Q: Do I have to use the agent workflow? A: No. The Ink dashboard exposes a traditional UI with service logs, metrics, and DNS. You can drive the platform from the dashboard, from the CLI as a developer, or through the MCP server as an agent. Same backend, three different surfaces.
Q: Which agents are supported? A: Claude Code, Cursor, OpenAI Codex, Windsurf, VS Code Continue, Gemini CLI, Kimi Code, OpenCode, and Antigravity are all listed as compatible on the Ink site. Any agent that speaks MCP can connect.
Q: What about GitHub? A: GitHub integration is a first-class option. Connect a repo, push code, Ink redeploys on every commit. For autonomous agents that don’t want an external Git provider, Ink also offers a managed repository that the agent can push to directly.
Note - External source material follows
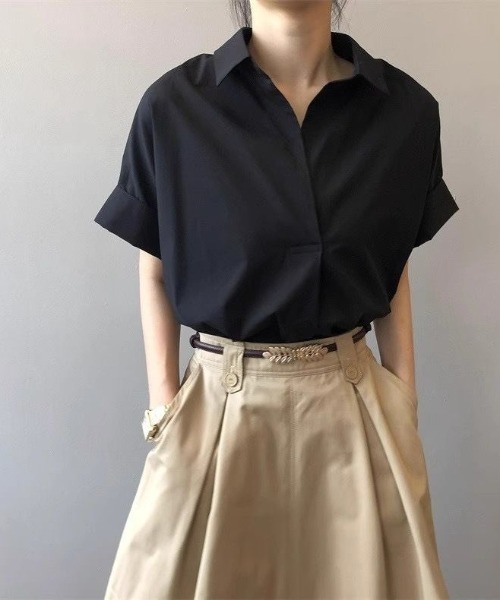 LADY LIKE(レディライク)の「【春夏新作】ボタンレスゆったり半袖シャツ(シャツ/ブラウス・レディース・ブラック/ホワイト/ベージュ・M)」の10枚目の写真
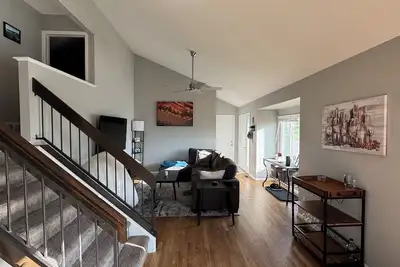 Image de Spacious 4-bedroom house with Ac and 1gb WiFi in tranquil Arvada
Q: Is the platform stable enough for production? A: Ink is in active development. The pricing, MCP surface, and template list are all evolving. For early-stage agentic projects, that’s fine — and the per-minute billing and free trial make it cheap to evaluate. For a production-critical workload with a hard SLA, the Enterprise tier adds a custom SLA, dedicated infrastructure, and air-gapped deployment options.
Conclusion
Ink is one of the first deployment platforms that treats an AI agent as the primary user rather than the human at the keyboard. The CLI, the MCP server, the Skills, the structured error responses, the credit-balance queries — every layer is shaped around an autonomous loop where the agent ships, monitors, and iterates without waiting on a human.
If you’re already running an agent that writes code and you’ve been hand-holding the deploy step, Ink is the cleanest way to close that loop. The free trial is enough to exercise the full workflow; the Hobby plan is enough to ship a real side project. For teams running multiple agents in production, the Pro and Enterprise tiers add the workspace, observability, and SLA controls you need.